### Exercise
Starting with the line that contains "open online bank account in France screen", repeat each line exactly through the final line of the listing. No picture should appear in the copy.

◆ ◆ ◆ ◆ ◆

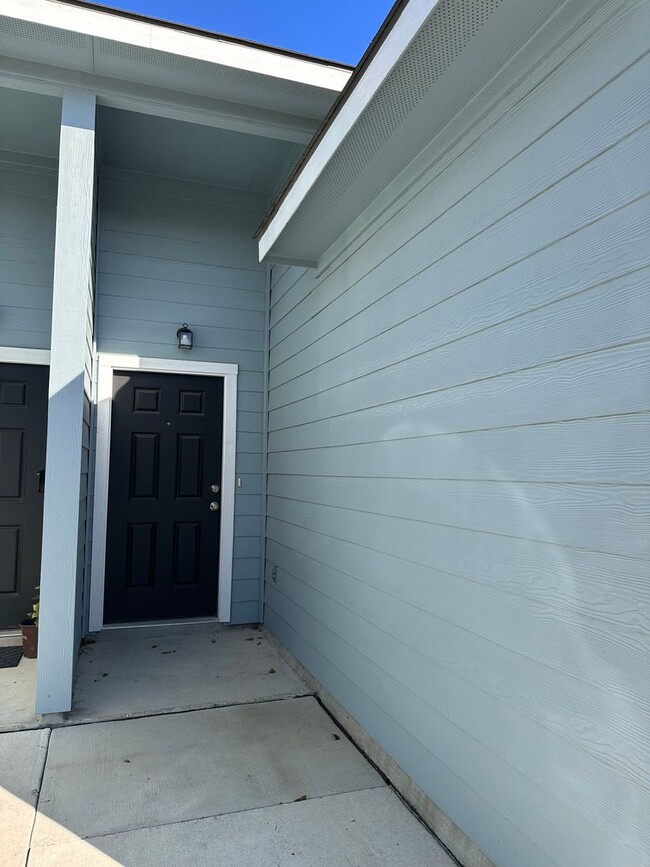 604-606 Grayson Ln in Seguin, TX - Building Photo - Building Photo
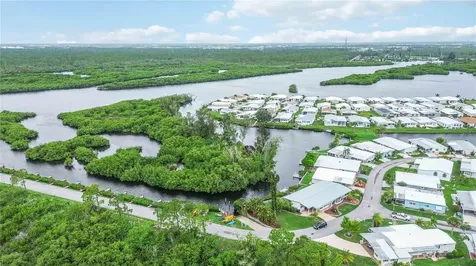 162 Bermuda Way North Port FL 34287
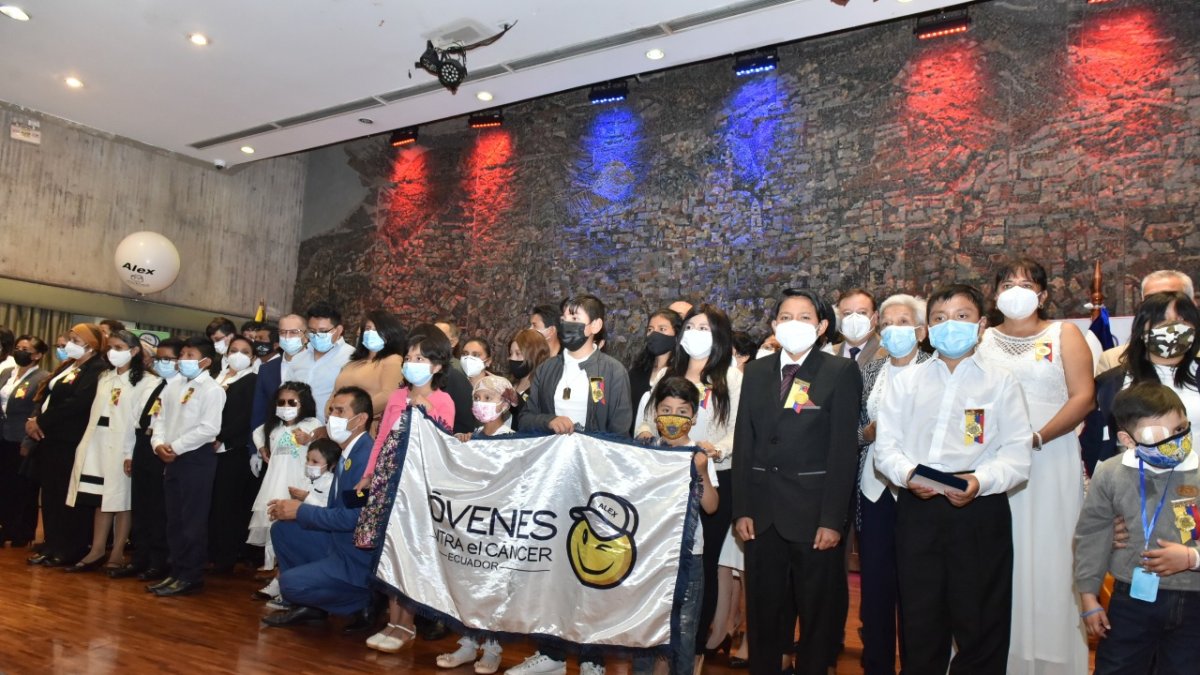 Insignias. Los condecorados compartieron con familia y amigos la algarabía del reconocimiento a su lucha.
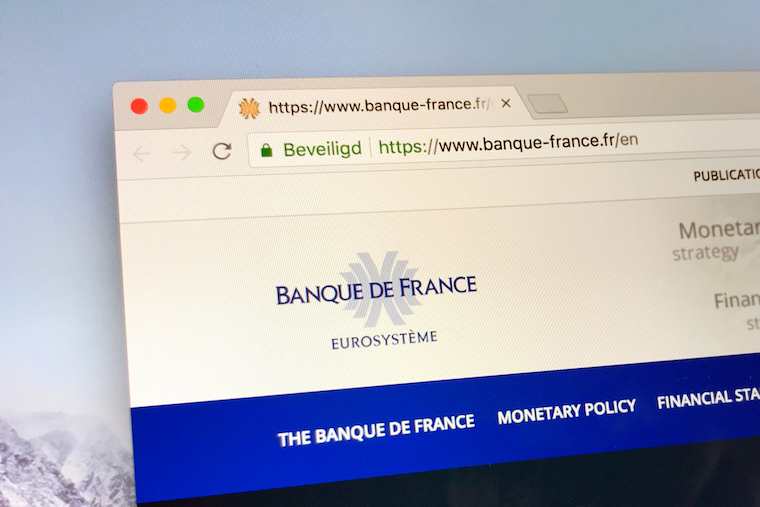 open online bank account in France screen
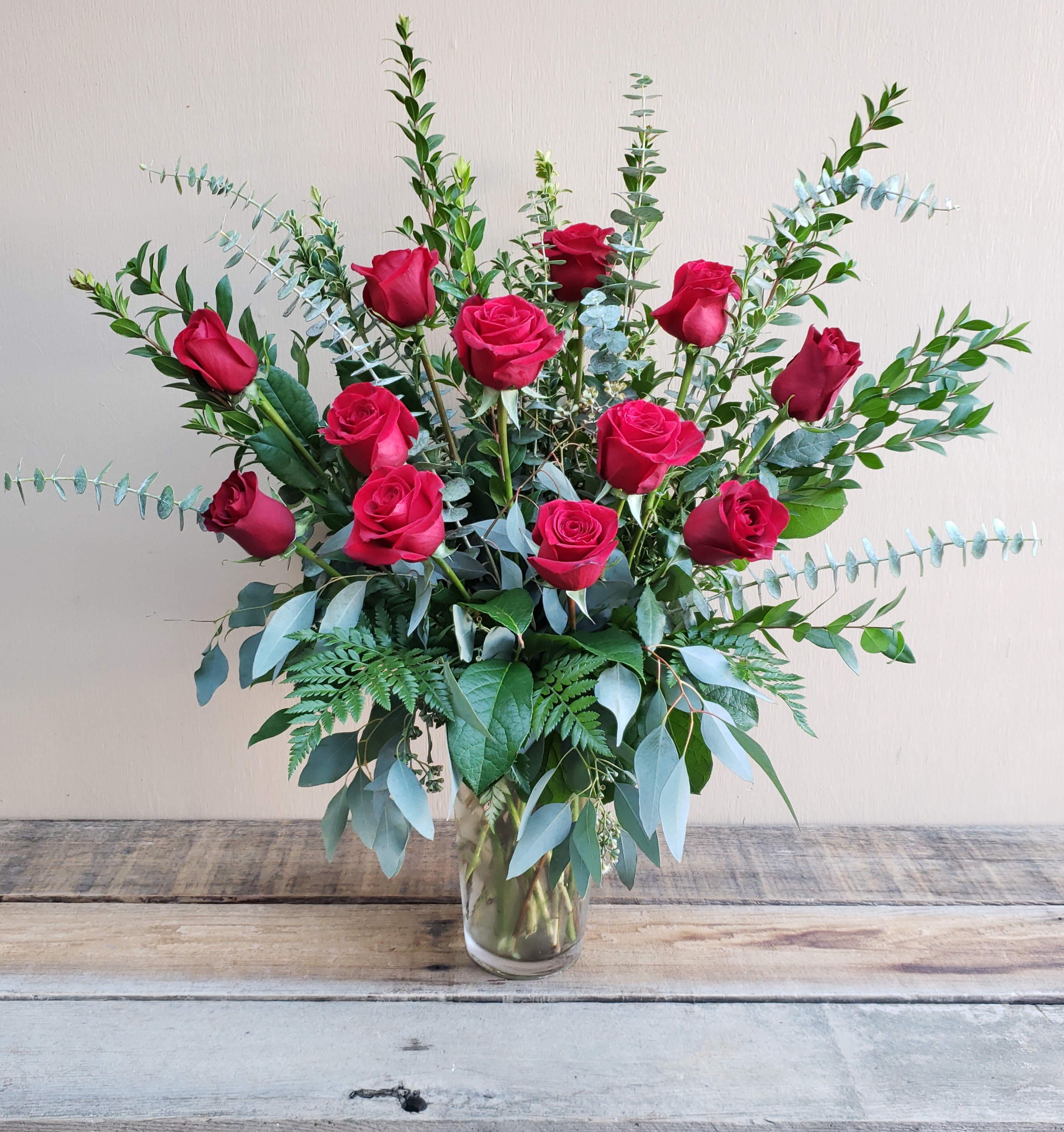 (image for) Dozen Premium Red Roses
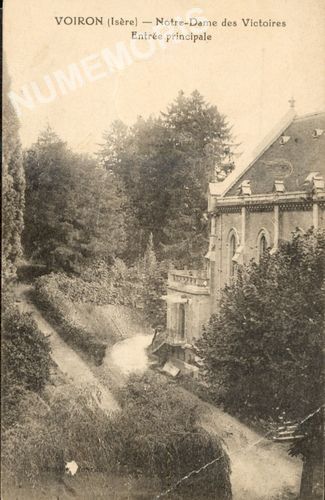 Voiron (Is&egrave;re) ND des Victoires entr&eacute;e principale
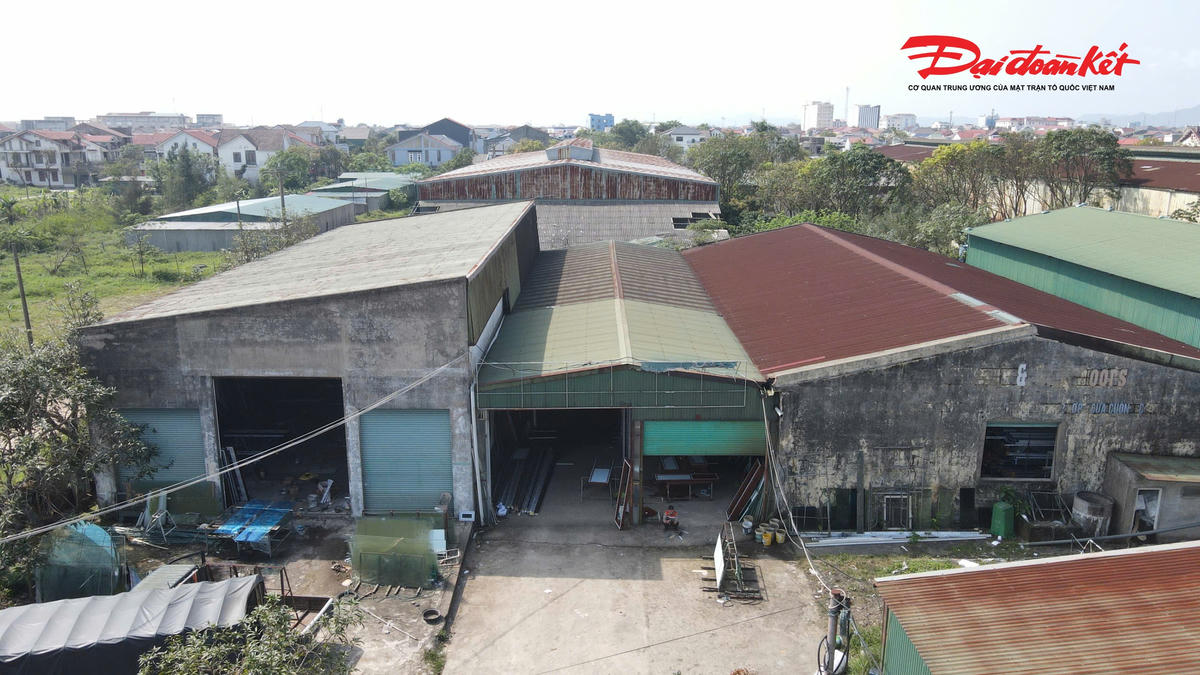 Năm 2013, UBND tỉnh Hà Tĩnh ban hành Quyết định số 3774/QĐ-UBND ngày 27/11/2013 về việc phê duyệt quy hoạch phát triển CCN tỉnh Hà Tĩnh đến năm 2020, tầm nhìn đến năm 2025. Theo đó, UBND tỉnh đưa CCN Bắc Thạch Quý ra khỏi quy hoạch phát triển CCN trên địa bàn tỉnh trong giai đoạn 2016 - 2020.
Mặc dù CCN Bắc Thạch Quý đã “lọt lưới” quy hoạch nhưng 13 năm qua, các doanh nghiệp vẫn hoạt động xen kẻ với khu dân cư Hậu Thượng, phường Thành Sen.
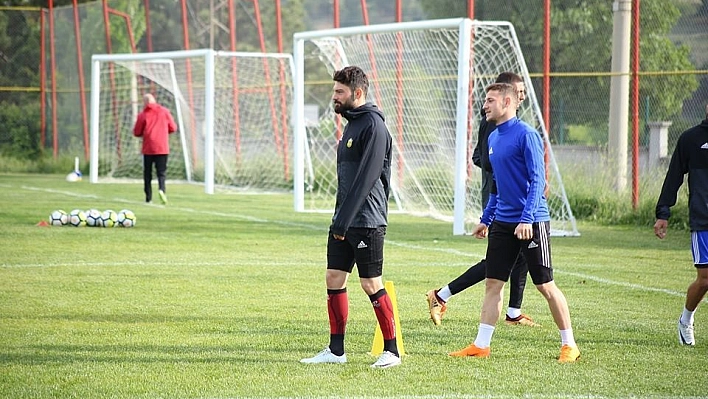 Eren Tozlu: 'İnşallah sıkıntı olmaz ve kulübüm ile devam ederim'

◆ ◆ ◆ ◆ ◆

### Solution to this problem
 open online bank account in France screen
 (image for) Dozen Premium Red Roses
 Voiron (Is&egrave;re) ND des Victoires entr&eacute;e principale
 Năm 2013, UBND tỉnh Hà Tĩnh ban hành Quyết định số 3774/QĐ-UBND ngày 27/11/2013 về việc phê duyệt quy hoạch phát triển CCN tỉnh Hà Tĩnh đến năm 2020, tầm nhìn đến năm 2025. Theo đó, UBND tỉnh đưa CCN Bắc Thạch Quý ra khỏi quy hoạch phát triển CCN trên địa bàn tỉnh trong giai đoạn 2016 - 2020.
Mặc dù CCN Bắc Thạch Quý đã “lọt lưới” quy hoạch nhưng 13 năm qua, các doanh nghiệp vẫn hoạt động xen kẻ với khu dân cư Hậu Thượng, phường Thành Sen.
 Eren Tozlu: 'İnşallah sıkıntı olmaz ve kulübüm ile devam ederim'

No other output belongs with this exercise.